▶ PROBLEM STATEMENT:
Retype the material that follows exactly, limited to the lines from the one with "Used 2018 Ford" through the one with "225 Somerset Drive", and keep out all pictures.

======== DATA

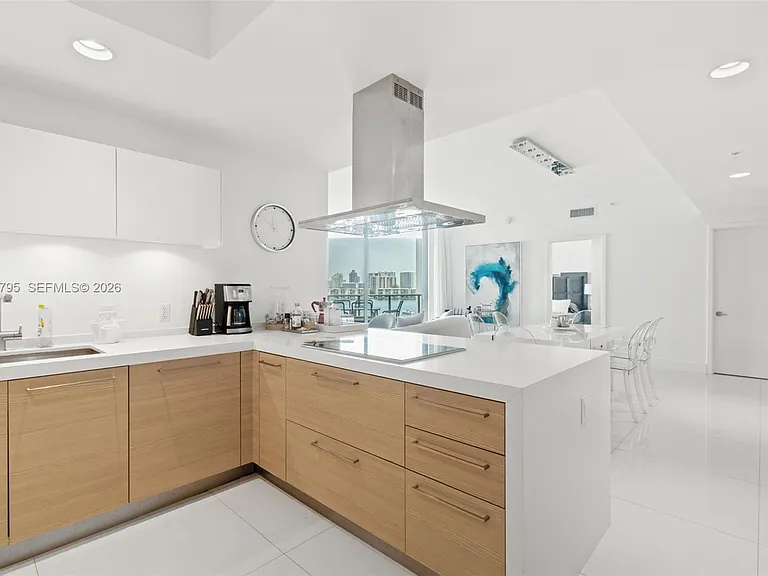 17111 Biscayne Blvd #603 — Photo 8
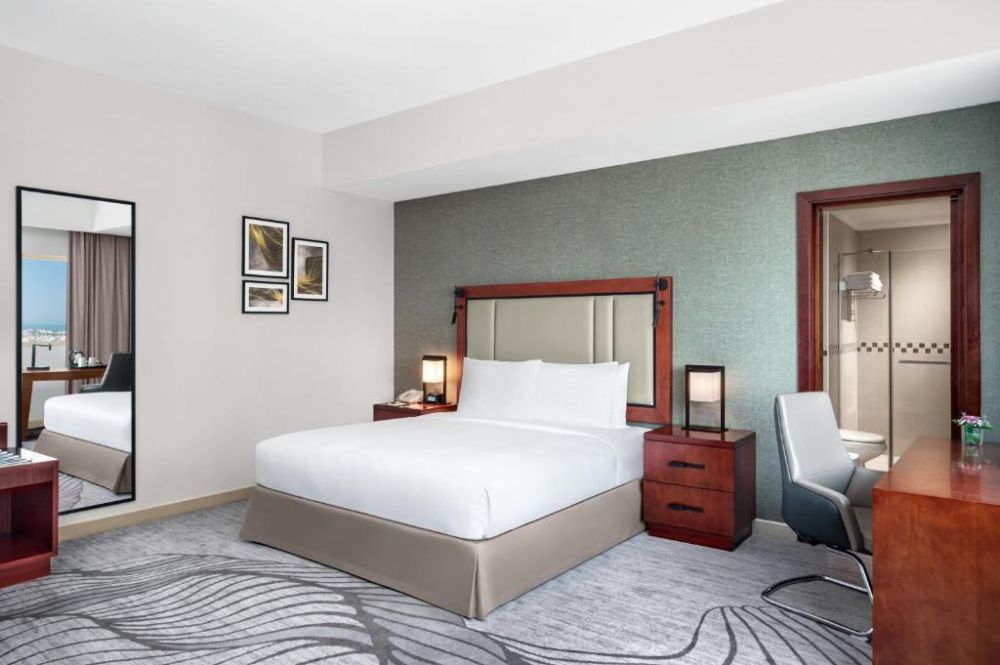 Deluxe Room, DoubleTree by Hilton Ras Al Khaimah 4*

================
======== DATA

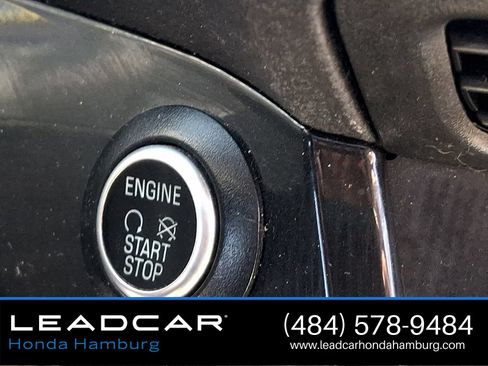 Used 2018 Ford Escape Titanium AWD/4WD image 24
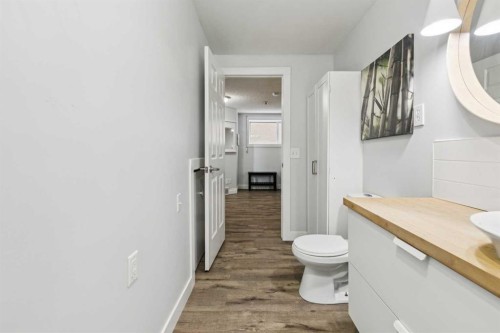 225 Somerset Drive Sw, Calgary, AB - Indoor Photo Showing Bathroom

================
======== DATA

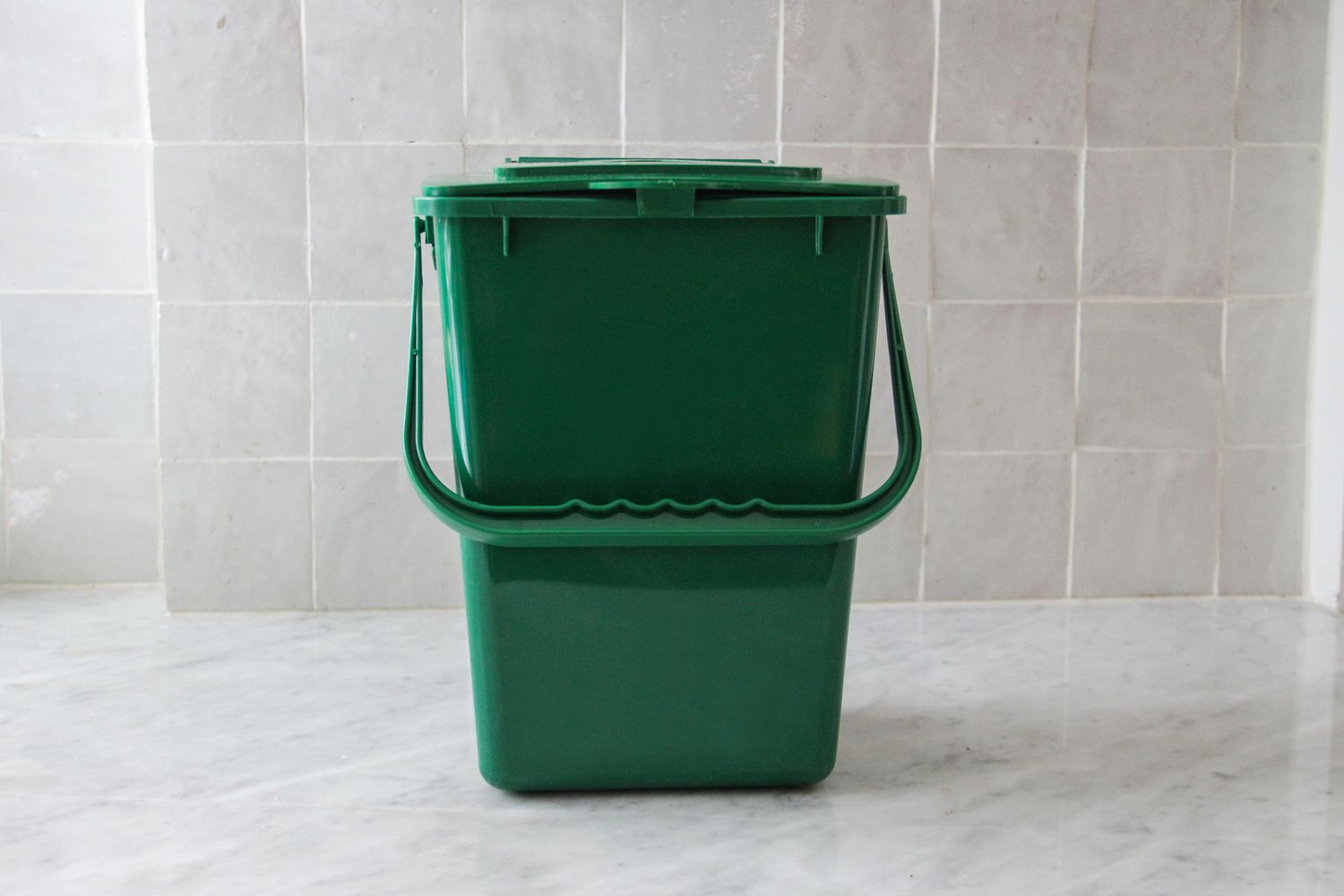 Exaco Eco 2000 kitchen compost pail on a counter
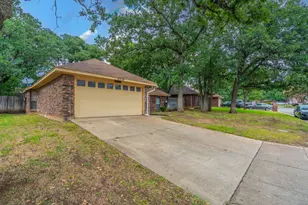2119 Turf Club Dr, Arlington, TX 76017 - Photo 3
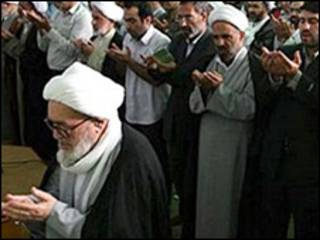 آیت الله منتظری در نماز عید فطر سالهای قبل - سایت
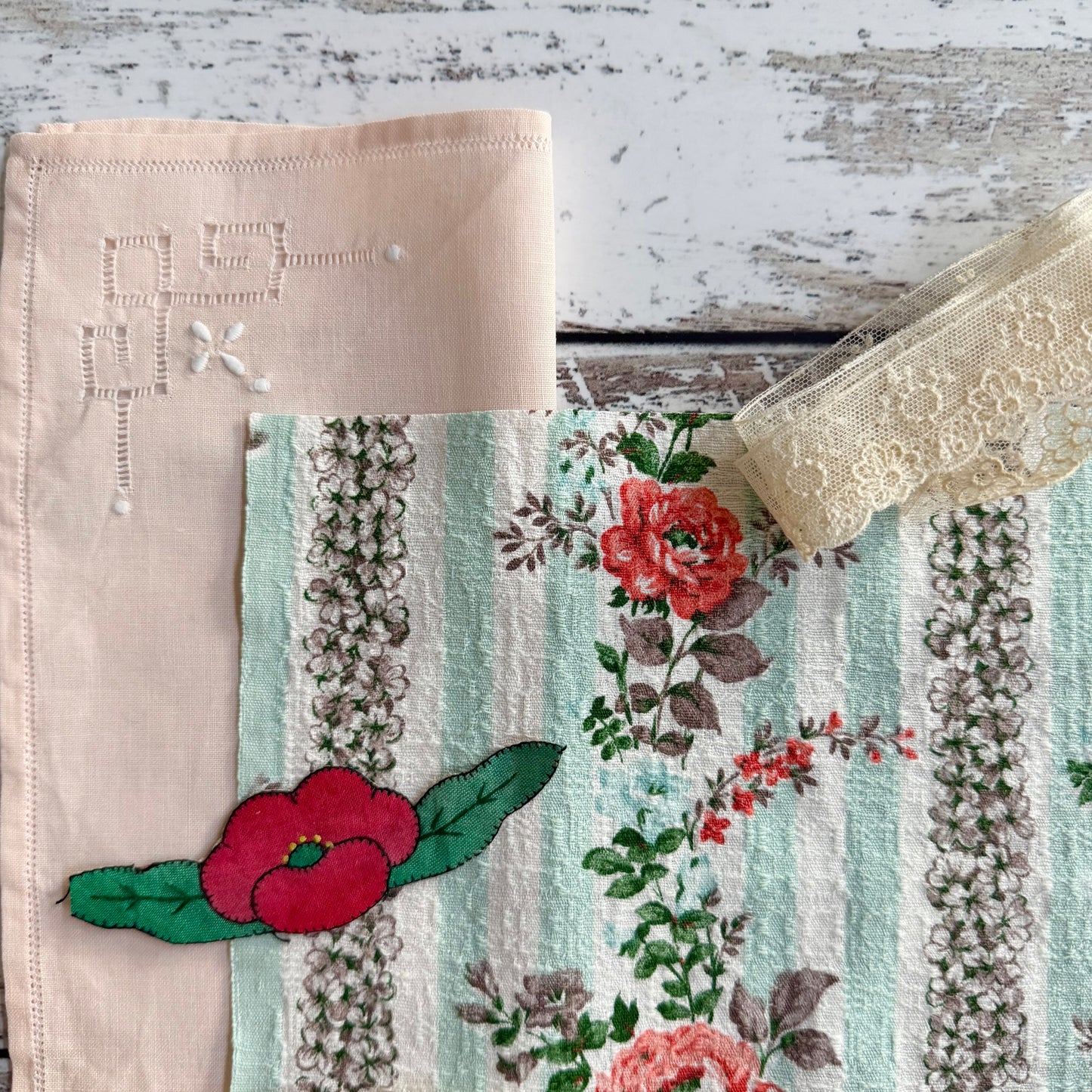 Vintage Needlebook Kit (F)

================

▶ ANSWER TO THE EXERCISE:
 Used 2018 Ford Escape Titanium AWD/4WD image 24
 225 Somerset Drive Sw, Calgary, AB - Indoor Photo Showing Bathroom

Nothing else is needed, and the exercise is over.